> **Your task**: Exact copies of the lines below, from the one with "a bathroom with a sink mirror and toilet" up to and including the one with "Mallorca 'daki Mirador", are what this calls for; leave out pictures.

> **Exercise data**:
- - - - -

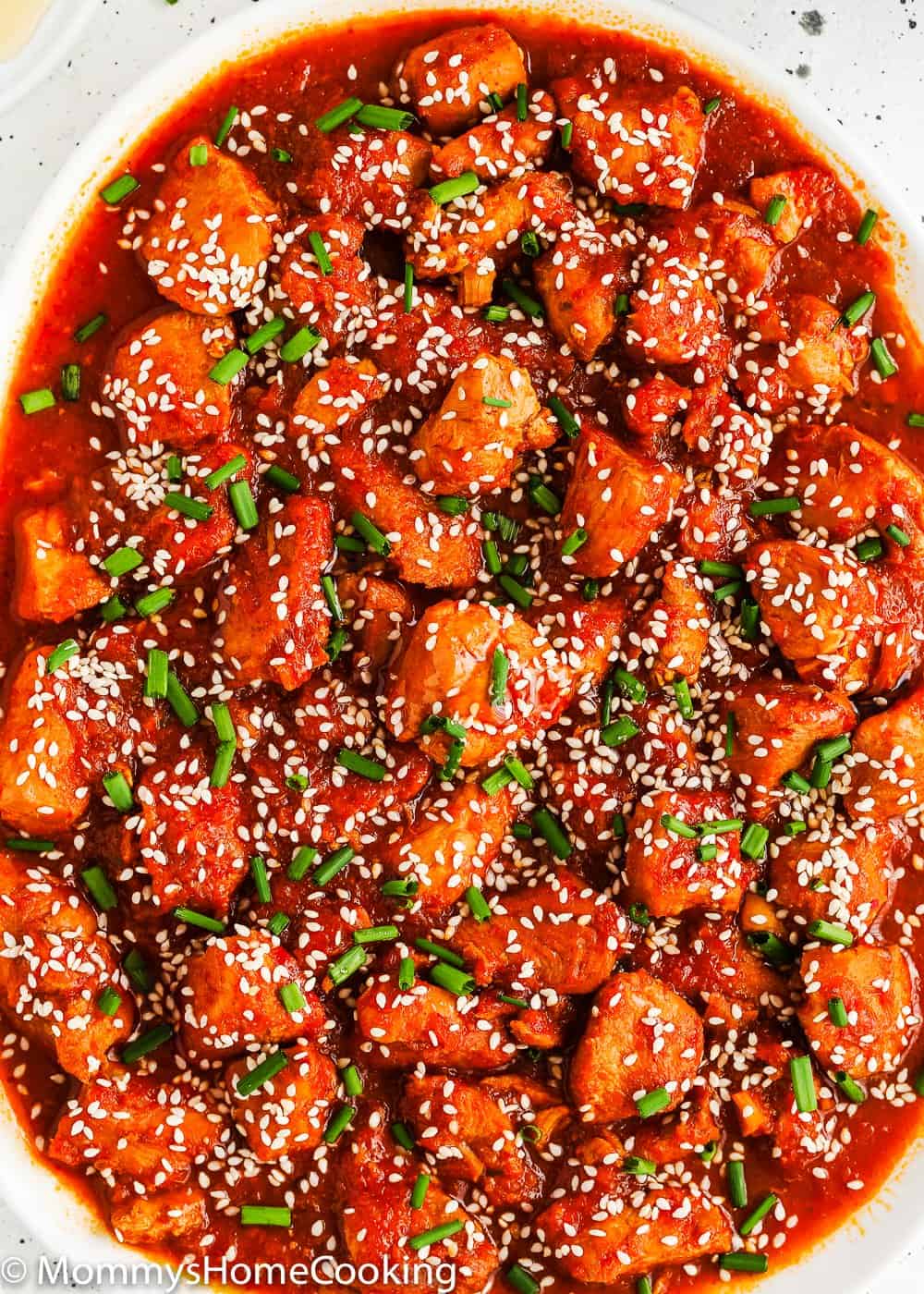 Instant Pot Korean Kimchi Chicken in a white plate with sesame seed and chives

- - - - -

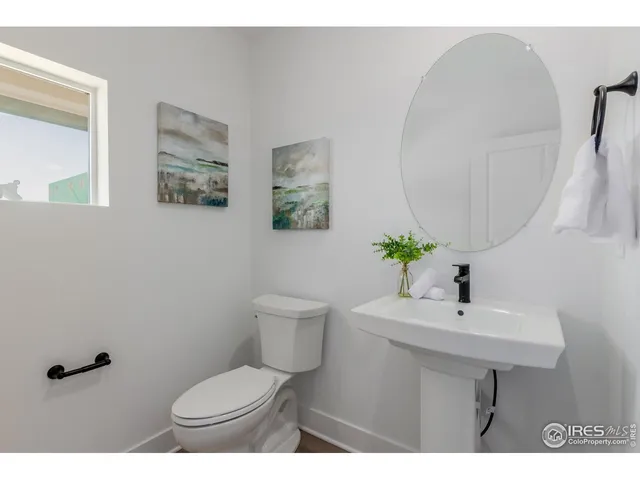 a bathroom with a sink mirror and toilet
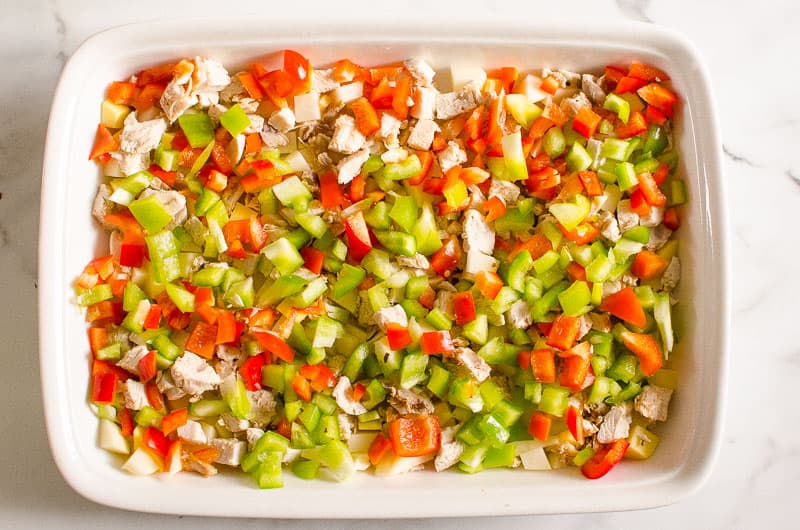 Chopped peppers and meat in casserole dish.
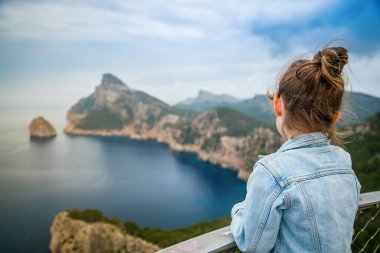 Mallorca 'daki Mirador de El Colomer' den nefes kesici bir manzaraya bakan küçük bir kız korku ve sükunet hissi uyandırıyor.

- - - - -

> **Task output**:
 a bathroom with a sink mirror and toilet
 Chopped peppers and meat in casserole dish.
 Mallorca 'daki Mirador de El Colomer' den nefes kesici bir manzaraya bakan küçük bir kız korku ve sükunet hissi uyandırıyor.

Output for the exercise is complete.